Within the Department, he teaches undergraduate project students and PhD students. He is also affiliated with the York Structural Biology Laboratory (YSBL) and the York Biomedical Research Institute (YBRI), contributes to the departmental Sustainability Committee, and organises the Structural Virology interest group.

Research

Overview

Structural Virology

Structural virology explores how the three-dimensional architecture of viruses and their components affords mechanisms of assembly, host interaction, infection, and replication. This provides the foundation for our work on the human gut virome (1), virus defence systems, and the use of viruses to combat bacterial infections.

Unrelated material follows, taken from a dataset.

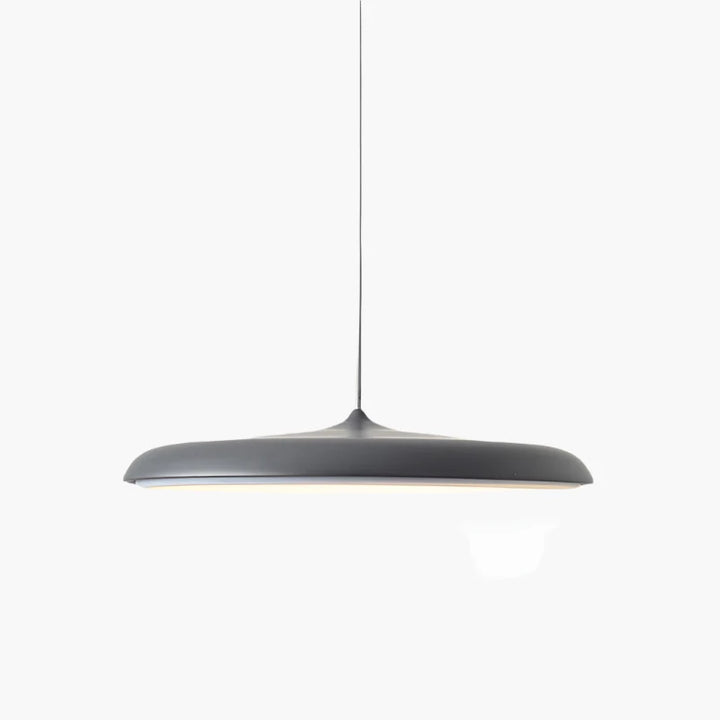 Lampa wisząca LED z ultra płaskim kloszem w kształcie dysku i stożkowym punktem zawieszenia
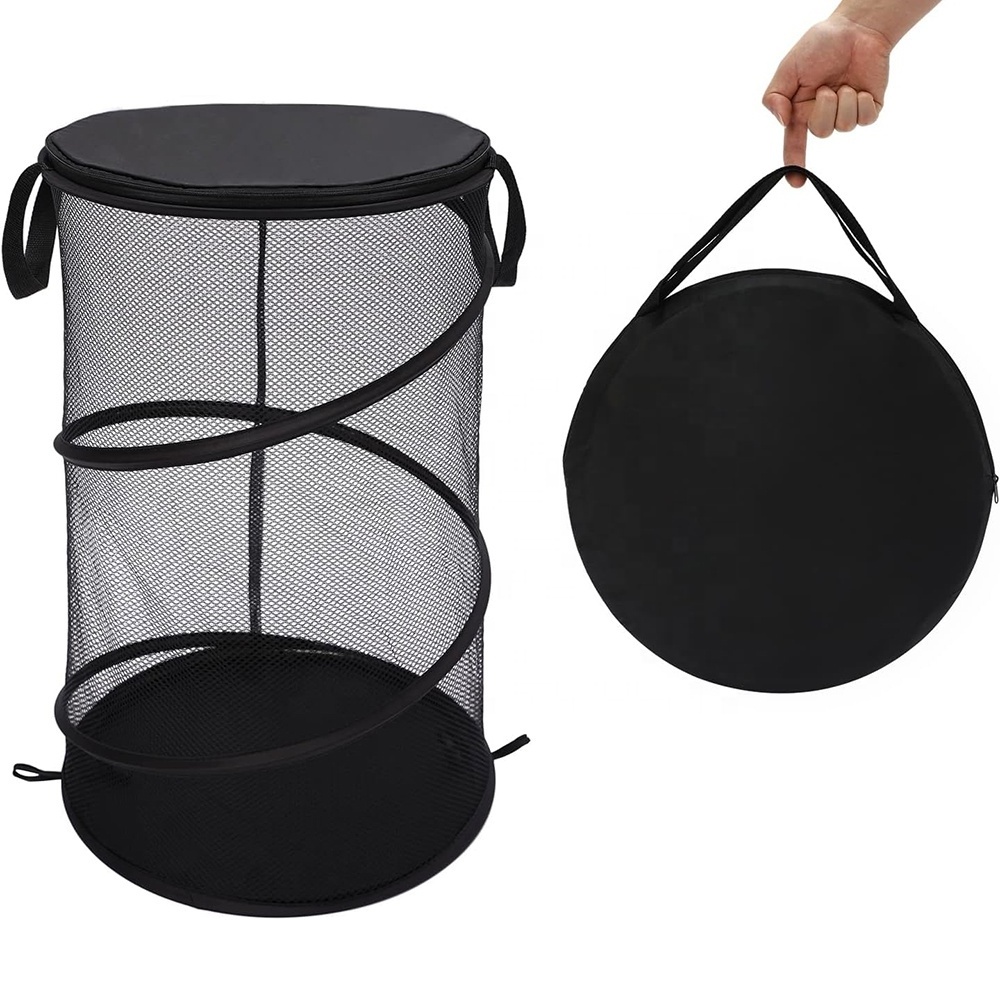 Wholesale Round Laundry Baskets Polyester Mesh Laundry Hamper Steel Storage Organizer with Lid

We take a multidisciplinary approach, combining cryo-electron microscopy and tomography, X-ray crystallography, protein production, biochemical assays, and computational analysis. This reveals how viral proteins recognise and bind host cells (1,2), how conformational changes enable genome delivery (3,4) and packaging (5), and how structural variation drives host specificity and viral evolution (1). These insights directly inform our broader efforts to understand the fundamentals of virus infection and guide the development of phage-based therapeutic strategies.

The Human Gut Virome

We investigate the dynamic interactions between gut bacteria and their viruses (bacteriophage) within the human microbiome. These viruses and bacteria exist in a continual arms race, involving adaptation and counter-adaptation. Bacterial capsules play a key role in this relationship: bacteria use phase-variable capsules as a defence strategy, while bacteriophage target capsular polysaccharides as receptors for infection. These molecular interactions are thought to drive changes in capsule phenotype, influencing how bacteria interact with the gut epithelium and immune system.

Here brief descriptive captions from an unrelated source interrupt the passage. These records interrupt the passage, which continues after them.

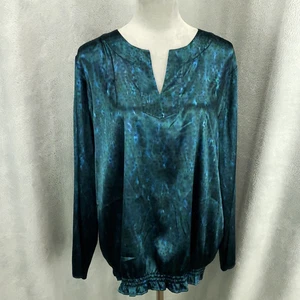 Blusa Chicos Mujer Grande Satén Azul Manga Larga Cuello en V Muesca Cuello Pullover - Imagen 1 de 9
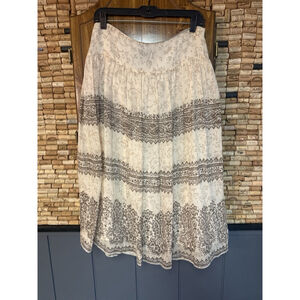 Jones New York Signature Y2K 100% Silk Paisley Western Maxi Skirt Women's Sz M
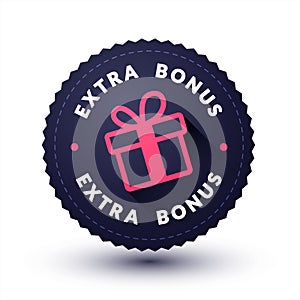 Bagde With Gift Icon And Text Extra Bonus photo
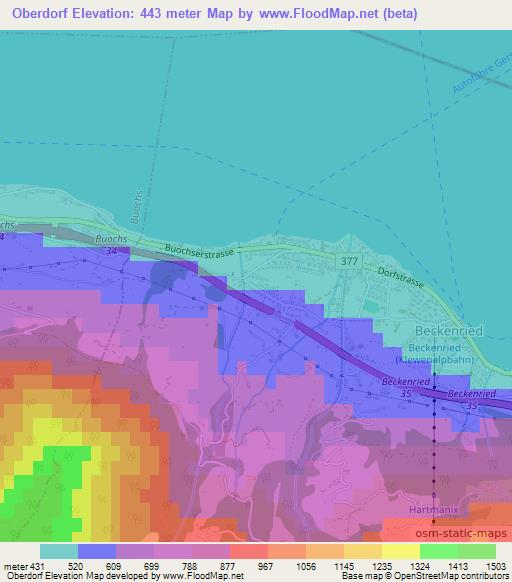 Oberdorf,Switzerland Elevation Map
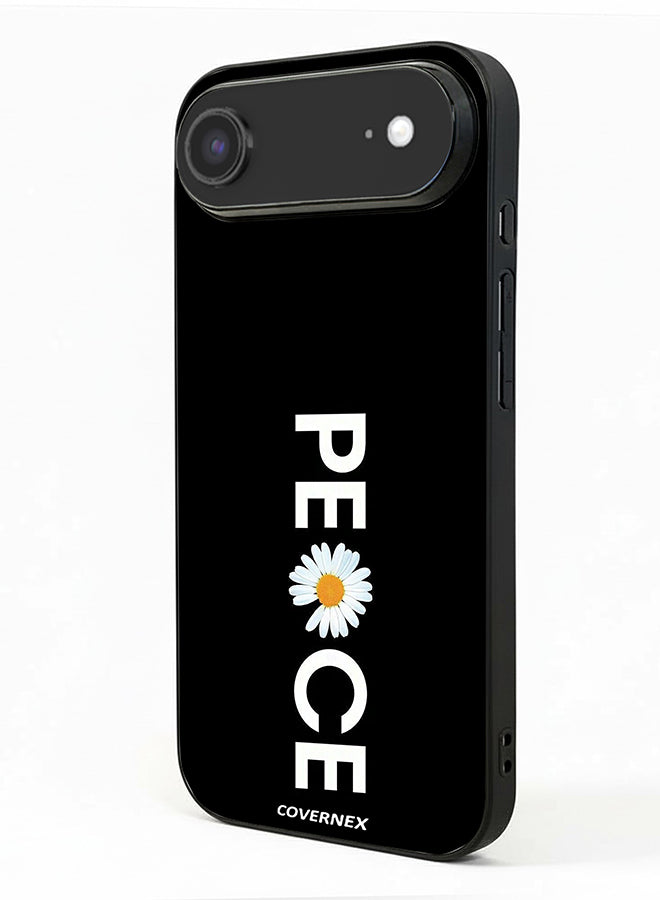 Apple iPhone 17 Air Protective Case Cover Printed Featuring Minimalist PEACE with Daisy Graphic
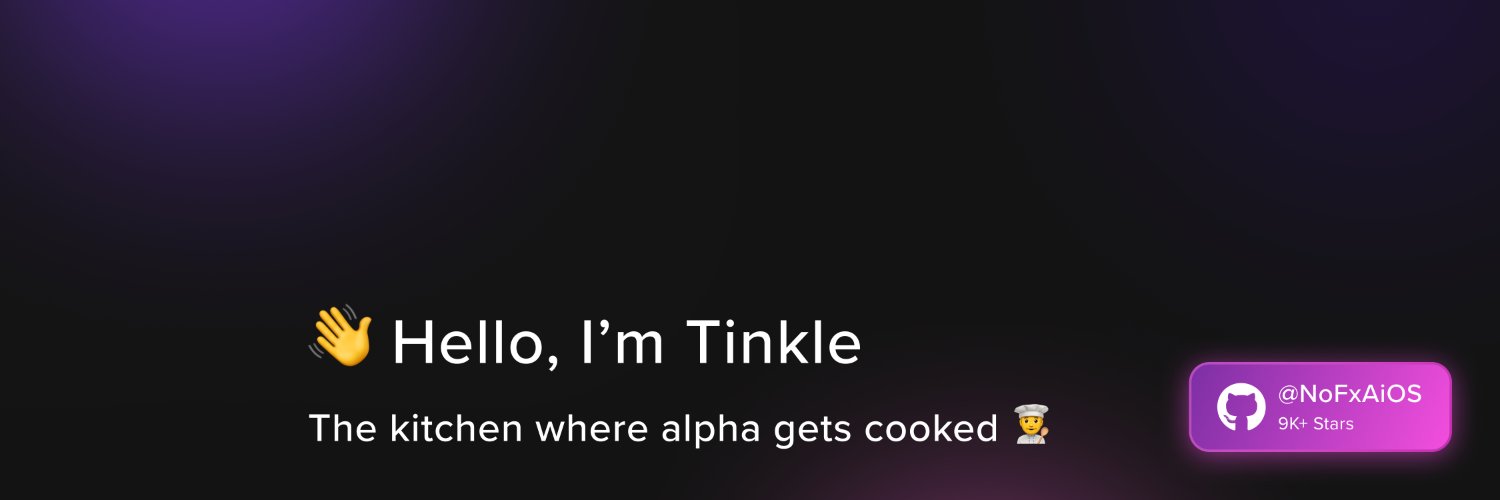 Tinkle 🔶🦞🧑‍🍳⚡ banner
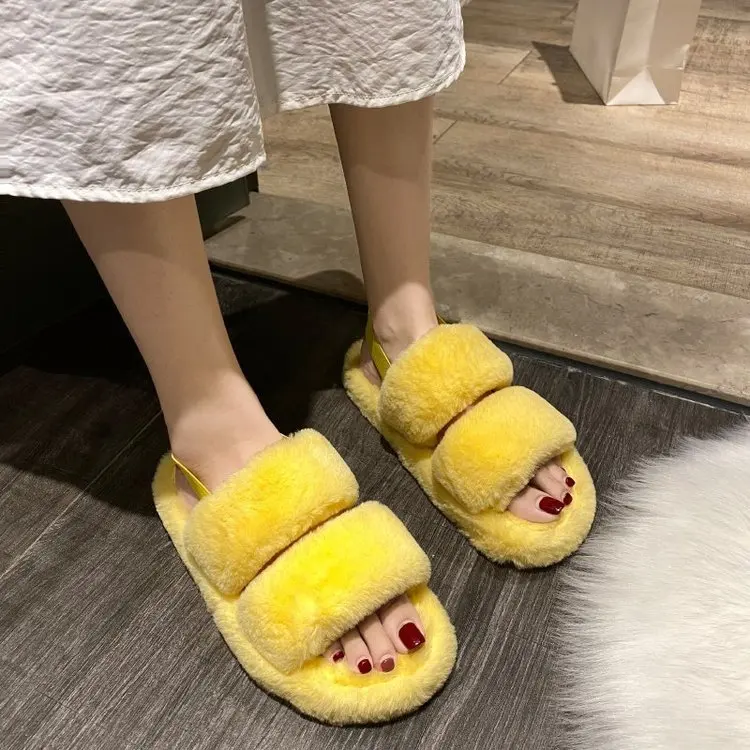 

Fashion Fur Slippers Women's Slippers Women Flat Sandals Fluffy Soft Plush Faux Fur Slides Home Slippers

We focus primarily on Bacteroides species, one of the two main gut commensals, and their bacteriophage, which constitute the majority of gut viruses (1). Using structural, microbiological, genome editing and biochemical approaches, our work seeks to relate molecular-level interactions to population-level behaviours that shape bacterial diversity and function in the gut ecosystem.

Fighting Antimicrobial Resistance

We characterise bacteriophage that target ESKAPE pathogens (E.faecium, S. aureus, K.pneumoniae, A.baumannii, P.aeruginosa, and Enterobacter spp.), a group of bacteria responsible for an increasing number of multidrug-resistant infections worldwide. This work examines mechanisms of assembly and host recognition, to inform rational and AI-guided engineering of phage-based therapeutic strategies.

 References

• Bayfield, O.W. et al. Structural atlas of a human gut crassvirus. Nature 617, 409–416 (2023). 
• Peng, Y. et al. Broad and strong memory CD4+ and CD8+ T cells induced by SARS-CoV-2 in UK convalescent COVID-19 patients. Nat. Immunol. 21, 1336–1345 (2020). 
• Bayfield, O.W. et al. Cryo-EM structure in situ reveals a molecular switch that safeguards virus against genome loss. eLife 9, e55517 (2020). 
• Bayfield, O.W. et al. Cryo-EM structure and in vitro DNA packaging of a thermophilic virus with supersized T=7 capsids. Proc. Natl Acad. Sci. USA 116, 3556–3561 (2019). 
• Hawkins, D.E.D.P. et al. Insights into a viral motor: the structure of the HK97 packaging termination assembly. Nucleic Acids Res. 51, 7025–7035 (2023).